Alternatively, you could work with an approximation of the numerical derivative and second derivative to define valleys. In your case, this might even work better. A pragmatic way of calculating the derivatives and the minima/maxima of the first derivative :
#first derivative
f.deriv <- diff(lowess(series,f=n/length(series),delta=1)$y)
#second derivative
f.sec.deriv <- diff(f.deriv)
#minima and maxima defined by where f.sec.deriv changes sign :
minmax <- cumsum(rle(sign(f.sec.deriv))$lengths)
op <- par(mfrow=c(2,1))
plot(series,type="l")
plot(f.deriv,type="l")
points((1:length(f.deriv))[minmax],f.deriv[minmax],col="red")
par(op)
You can define a valley by different criterion :
depth
width
volume (depth*width)
You might also have valley in a big mountain, do you want these too ?
For example there is a valley here : 1 2 3 4 1000 1000 800 800 800 1000 1000 500 200 3
Try to explain with more details how YOU (or any expert in your field) would choose the valleys given the data
You might want to look at watershed
You might want to try the peak detection function to identify the regions of interest. The desired minimum width of the valleys can be specified with the span parameter.

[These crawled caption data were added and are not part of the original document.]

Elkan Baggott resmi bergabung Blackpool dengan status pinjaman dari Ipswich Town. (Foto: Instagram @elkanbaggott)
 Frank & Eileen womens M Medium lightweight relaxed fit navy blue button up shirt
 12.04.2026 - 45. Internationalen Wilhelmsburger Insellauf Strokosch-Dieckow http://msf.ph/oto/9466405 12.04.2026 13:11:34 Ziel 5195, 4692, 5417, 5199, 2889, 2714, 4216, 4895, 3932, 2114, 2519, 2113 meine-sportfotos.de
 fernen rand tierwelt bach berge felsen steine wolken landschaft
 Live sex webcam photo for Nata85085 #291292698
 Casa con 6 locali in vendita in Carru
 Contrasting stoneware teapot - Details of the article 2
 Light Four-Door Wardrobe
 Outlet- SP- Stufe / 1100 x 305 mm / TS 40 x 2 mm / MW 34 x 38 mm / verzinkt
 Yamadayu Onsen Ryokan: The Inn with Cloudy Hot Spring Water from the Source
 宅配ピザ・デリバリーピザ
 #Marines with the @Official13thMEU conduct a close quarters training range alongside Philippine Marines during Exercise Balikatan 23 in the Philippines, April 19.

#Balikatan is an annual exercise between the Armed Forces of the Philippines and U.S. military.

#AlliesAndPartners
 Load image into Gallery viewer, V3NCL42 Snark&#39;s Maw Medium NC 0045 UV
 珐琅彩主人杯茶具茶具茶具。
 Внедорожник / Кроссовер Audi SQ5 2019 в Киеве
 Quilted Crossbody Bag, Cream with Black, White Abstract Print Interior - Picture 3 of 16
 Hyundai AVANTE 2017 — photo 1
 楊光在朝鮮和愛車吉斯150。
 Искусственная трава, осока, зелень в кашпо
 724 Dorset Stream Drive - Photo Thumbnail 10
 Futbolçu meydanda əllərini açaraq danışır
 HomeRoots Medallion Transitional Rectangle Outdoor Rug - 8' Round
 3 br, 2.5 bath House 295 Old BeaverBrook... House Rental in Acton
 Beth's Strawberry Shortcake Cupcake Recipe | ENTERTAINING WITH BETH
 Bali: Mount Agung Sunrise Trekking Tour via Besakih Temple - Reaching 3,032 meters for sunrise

It might be a good idea to smooth the data first, to get rid of the noise peaks like the one in the right "valley" of the blue graph. A simple stats::filter should be enough.
The final step would be to check the depth of the found "valleys". This really depends on your requirements. As a first approximation, you can simply compare the peak value with the median level of the data.